Mike Vine 31 . '18 18:37

anatolyg · Accepted Answer · 2018-01-31T18:45:31+0000

No wonder what floatmatters is out of range int. Floating point values were invented to represent very large (as well as very small) values.

INT_MAX + 1(usually equal 2147483648) cannot be represented int, but can be represented float.
Yes, static_cast<int>(float)as dangerous as undefined behavior.
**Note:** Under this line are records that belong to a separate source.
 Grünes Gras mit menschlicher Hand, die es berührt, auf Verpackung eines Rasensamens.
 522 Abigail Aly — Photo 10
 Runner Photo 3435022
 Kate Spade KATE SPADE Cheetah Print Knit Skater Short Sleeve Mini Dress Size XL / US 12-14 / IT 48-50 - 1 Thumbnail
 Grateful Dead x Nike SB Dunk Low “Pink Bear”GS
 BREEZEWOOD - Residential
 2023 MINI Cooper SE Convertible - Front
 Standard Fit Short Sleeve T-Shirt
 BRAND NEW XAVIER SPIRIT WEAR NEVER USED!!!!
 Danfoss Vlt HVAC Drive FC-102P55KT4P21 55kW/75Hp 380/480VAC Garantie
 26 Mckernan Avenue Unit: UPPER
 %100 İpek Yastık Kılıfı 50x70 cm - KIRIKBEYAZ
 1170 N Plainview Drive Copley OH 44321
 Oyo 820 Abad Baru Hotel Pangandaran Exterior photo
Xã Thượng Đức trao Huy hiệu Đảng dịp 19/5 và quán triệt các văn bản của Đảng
However, something simple, as x + yfor sufficiently large integers xand y, is also UB, so there is nothing surprising here.

, , ++. Boost numeric_cast, ; . ( INT_MIN INT_MAX), ,

float f;
int i;
...
if (static_cast<double>(INT_MIN) <= f && f < static_cast<double>(INT_MAX))
    i = static_cast<int>(f);
else if (f < 0)
    i = INT_MIN;
else
    i = INT_MAX;

. double, int? , . , , int? , boost::numeric_cast, .

What float values ​​could not be converted to int without undefined behavior [C ++]?

More articles:

What float values could not be converted to int without undefined behavior [C ++]?